Content-based Recommendations for News Media

Published in

Froomle

5 min readFeb 8, 2023

Media companies need to consider several factors in developing a strategy for recommending news to readers. — Photo by Bank Phrom on Unsplash

News recommendations are often seen as a particular case in the recommender systems field. Methods and architectures are explicitly created for news recommendations. One important concern is the rapidly changing set of relevant items. New items are constantly published, while older ones become obsolete. Algorithms need to be able to handle this changing environment.

The state of the art for news recommendations typically uses a hybrid approach, combining content-based recommendations with collaborative filtering and/or item features such as popularity and recency.

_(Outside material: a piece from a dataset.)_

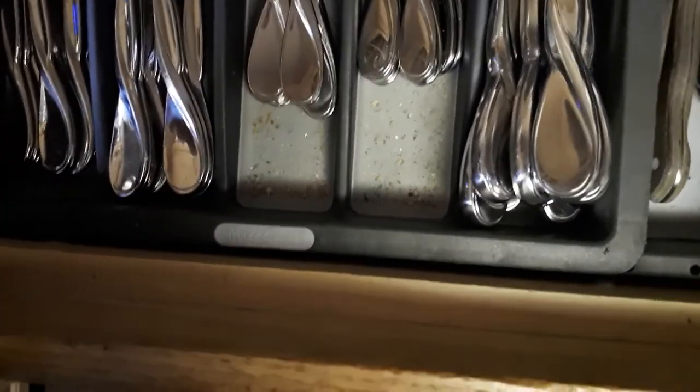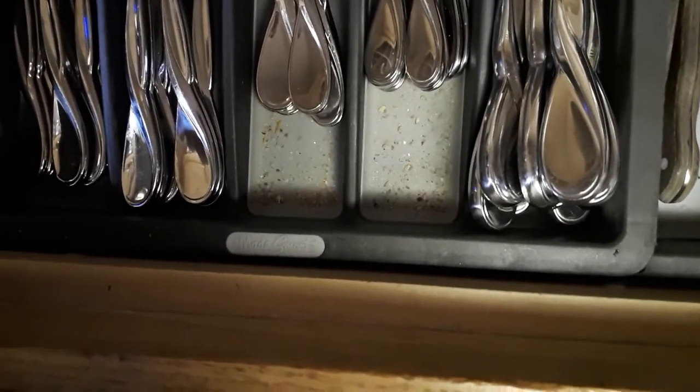Hold on, let me find the dust — there's definitely dust back there. This shelf looks nice and dusty, and the tops are probably dusty too. We're gonna tackle this vent, and also my silverware drawer — look at those crumbs! Yeah, maybe we'll start here.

In this blog, we give an overview of which principles underpin Content-Based Recommender Systems and share insights we at Froomle have learned from both literature and practice.

What Are Content-Based Approaches for News?

Items a user read are used to construct a user profile. This user profile is an aggregation of the user’s interests, for a variety of what we call “features.”
These features can be broad categories (like domestic news and sports), narrow topics (like “The Champions League” or “Tour de France”), entities, or abstract features obtained with natural language processing techniques used on the title or article text.

How are these profiles computed? The first step is nearly always to compute a profile for each of the items. These can be binary vectors (is something related to a topic or not?), count vectors (how many times does a term occur), float vectors (embeddings computed through neural networks), or any combinations thereof.

The news recommendation framework SCENE uses related topics and entities to represent items (binary profile), while CHAMELEON computes an embedding for the items using a convolutional neural network. The user profiles are constructed based on these item profiles. Typical approaches include averaging the profiles of each item a user has seen or learning the user profile using a deep neural network.

The system used in Google News takes a different approach. Instead of the typical similarity approaches, it uses a probabilistic approach. For each category of items, it computes how likely a user is to click on or interact with that category based on historical data. It’s this probability it saves in the user profile.

The computed user profile can be used for both analysis and recommendations.

In analysis, the profiles can help answer questions like “How many users are interested in topic X?” or “How big is the overlap in readers between entity A and entity B?”

To use the profiles in a recommender system, the typical approach is to compute a similarity between the profile of an item and that of a user, either through direct measures such as cosine similarity and Jaccard similarity or through a neural network.

Why use Content-Based Recommender Systems for News?

Using content-based approaches solves two issues faced by News Recommender Systems.

First, it helps alleviate item cold start. When new items are published, every model relying on (co-)visitation is unable to recommend the item. The content-based approaches, however, can analyse the content of the article, and therefore recommend it to the interested reader as soon as it has been published.

Secondly, it helps in condensing data and avoiding sparsity issues. As many users do not return every day, the probability that a pair of items is visited by a single user goes down as they are published further and further apart. Even if the two articles are very similar.
Models like collaborative filtering that rely on co-visitation obviously struggle with this sparsity.
Aggregating a user’s reading history based on the item's contents helps alleviate this issue. There are usually fewer features used in the profiles than there are items, thus automatically reducing the sparsity.
Further, the features are usually long-lived. For example, sports topics will always remain relevant, and so we can recommend new sports-related articles to users that read old sports articles, even if the two articles were never before read by the same user.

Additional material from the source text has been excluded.